WHAT IS BEING ASKED | Take the lines below from the one with "Kozlowskia splendens (Norwood & Pratten)" through the one with "Shimlipal Sanctuary fire" and print only them, exactly. Don't print the pictures.

GIVEN RECORDS |
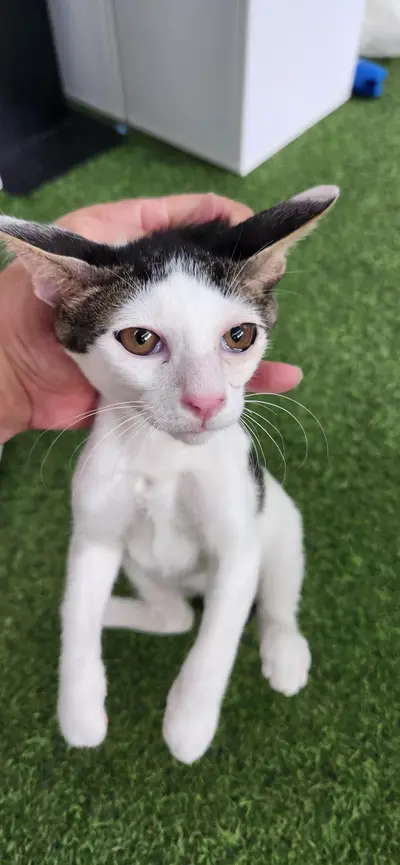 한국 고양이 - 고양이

--

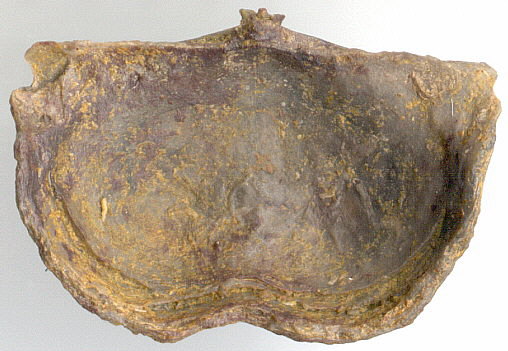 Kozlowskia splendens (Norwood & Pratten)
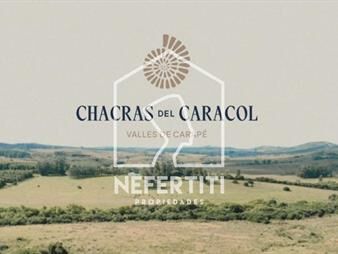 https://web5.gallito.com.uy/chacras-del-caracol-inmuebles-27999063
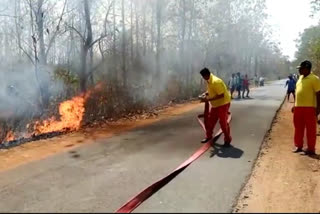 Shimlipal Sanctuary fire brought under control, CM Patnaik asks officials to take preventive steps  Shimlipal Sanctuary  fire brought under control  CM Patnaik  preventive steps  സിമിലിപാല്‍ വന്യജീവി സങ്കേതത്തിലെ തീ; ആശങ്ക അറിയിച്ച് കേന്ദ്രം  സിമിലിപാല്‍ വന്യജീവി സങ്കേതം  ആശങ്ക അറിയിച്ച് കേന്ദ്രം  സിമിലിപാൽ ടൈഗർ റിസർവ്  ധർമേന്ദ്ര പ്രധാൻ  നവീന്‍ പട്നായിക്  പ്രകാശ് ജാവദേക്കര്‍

RESULT BELOW |
 Kozlowskia splendens (Norwood & Pratten)
 https://web5.gallito.com.uy/chacras-del-caracol-inmuebles-27999063
 Shimlipal Sanctuary fire brought under control, CM Patnaik asks officials to take preventive steps  Shimlipal Sanctuary  fire brought under control  CM Patnaik  preventive steps  സിമിലിപാല്‍ വന്യജീവി സങ്കേതത്തിലെ തീ; ആശങ്ക അറിയിച്ച് കേന്ദ്രം  സിമിലിപാല്‍ വന്യജീവി സങ്കേതം  ആശങ്ക അറിയിച്ച് കേന്ദ്രം  സിമിലിപാൽ ടൈഗർ റിസർവ്  ധർമേന്ദ്ര പ്രധാൻ  നവീന്‍ പട്നായിക്  പ്രകാശ് ജാവദേക്കര്‍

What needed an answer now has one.